A empresa sediada em Oregon emprega atualmente mais de 200 pessoas. A empresa ainda não divulgou o número de Digits que vendeu, apenas observando que construiu cerca de 60 unidades de uma versão anterior.

Durante nossa conversa, Shelton mencionou a capacidade do Digit de atravessar terrenos irregulares, acrescentando: “Eu adoraria que, em algum momento, voltássemos a coisas como a entrega na última milha”. Por enquanto, porém, o trabalho no armazém é o foco do robô. Especificamente, o robô é capaz de mover sacolas de vários formatos e tamanhos pelo chão. Foi exatamente assim que o robô foi implantado durante alguns pilotos da Amazon anunciados no ano passado.

“Correu muito bem”, disse Shelton. “Estamos entusiasmados em continuar com eles como parceiros, mas nenhuma grande atualização desde o evento no outono passado.

Johnson disse que a capacidade de Digit de realizar o trabalho hoje foi um grande motivador em sua decisão de liderar a empresa, após sua primeira conversa com Shelton há pouco mais de um mês. “Olhando de fora para a Agilidade, gosto do foco deles no aqui e agora”, explicou ela. “O que o robô pode fazer hoje para agregar valor?

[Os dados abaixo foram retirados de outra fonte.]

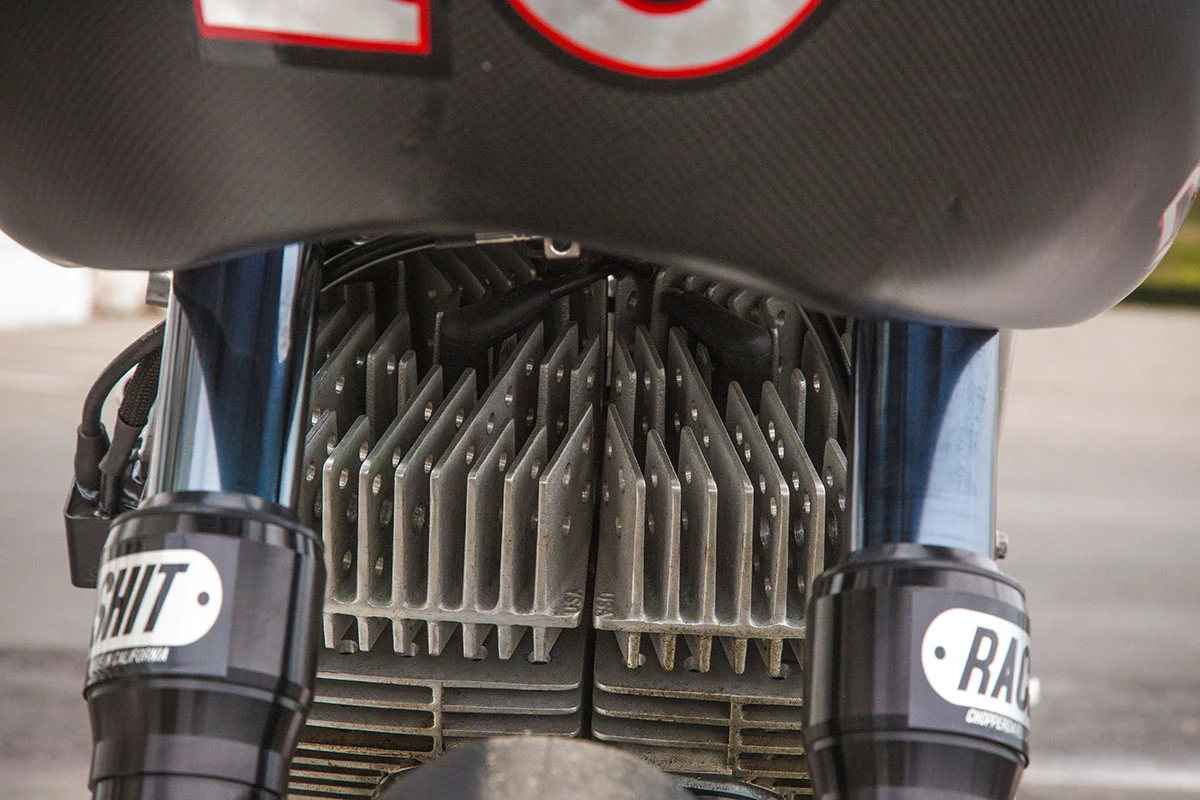 Meticulously drilled cylinder heads, a typical weight saving antic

Obviamente, há um roteiro de recursos à frente que incorporam elementos de IA, que incorporam elementos de hardware, que incorporam elementos de software, mas por hoje, agora mesmo entregando valor, eles estão certos. Como [Shelton] disse, realmente não há mais ninguém fazendo o que a Agility está fazendo agora para os clientes.”

A menção à IA foi, em parte, uma referência ao trabalho exibido recentemente pela empresa que usa LLMs para ajudar a Digit a se ajustar ao mundo real em constante mudança à sua frente. O interesse nesta categoria tem sido, sem dúvida, um grande impulsionador do interesse dos investidores pelas formas como esta pode potencialmente impactar a forma como os robôs aprendem e interagem com o mundo.

Embora a Agility não esteja explicitamente buscando aumentar no momento, a empresa diz que a possibilidade está sempre disponível. “Os dados estão aí”, diz Johnson sobre a recente avaliação de cair o queixo da Figure, de US$ 2,6 bilhões. “Todos os barcos sobem com esse tipo de manchete e certamente aproveitaremos isso.”

Shelton observa rapidamente que a última avaliação da Agility ocorreu com uma rodada de arrecadação de fundos há cerca de três anos.